Robin viene poi contattato da Griffin, che fa parte di Hermes, un’organizzazione segreta il cui scopo è quello di sabotare Babel, rubando l’argento, i libri, gli strumenti per minare al potere dell’Impero. Griffin spiega a Robin come Babel sfrutta le lingue delle nazioni straniere solo per consolidare il dominio dell’Impero Britannico su di esse.
La trama è abbastanza noiosa e sembra non partire mai veramente, almeno fino all’ultima parte del libro, diciamo 75%, quando effettivamente succede qualcosa. L’unico personaggio che ha davvero un’evoluzione è Robin, il protagonista. Gli altri rientrano tutti nel binomio buoni (se facenti parte di una minoranza) o cattivi (se bianchi). Un pessimo modo per trattare tematiche etniche.
Le tematiche
Il libro ci va giù molto pesante sui temi del colonialismo e del razzismo. Il mio cruccio è che l’autrice tratta il lettore come se fosse ingenuo, come se non fosse in grado di capire il messaggio. Complici anche le numerosissime note. Il messaggio è sacrosanto, perché Babel ci parla dei danni del colonialismo, ma non mi ha convinto il modo in cui lo fa: troppo didascalico e pedante.

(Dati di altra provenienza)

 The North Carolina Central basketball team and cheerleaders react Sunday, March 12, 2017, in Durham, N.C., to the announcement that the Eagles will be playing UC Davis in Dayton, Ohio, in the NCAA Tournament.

Inoltre Babel non fa solo danni ai paesi sottomessi, ma anche ai lavoratori delle classi sociali più povere, ma il tema della lotta di classe è molto trascurato. Ci sono infatti proteste dei lavoratori anche davanti alla facoltà e i protagonisti ne rimangono indifferenti. Si potevano trattare entrambi gli argomenti, perché sono comunque strettamente collegati.
Per concludere…
Tutto fumo niente arrosto.
Il sistema magico è sicuramente intrigante. Non essendo un’addetta ai lavori, ammetto di non aver colto tutte le sfumature, ma è davvero particolare e ben costruito, e se vi interessano le lingue sicuramente vi piacerà. Per il resto, questo libro non mi ha convinta.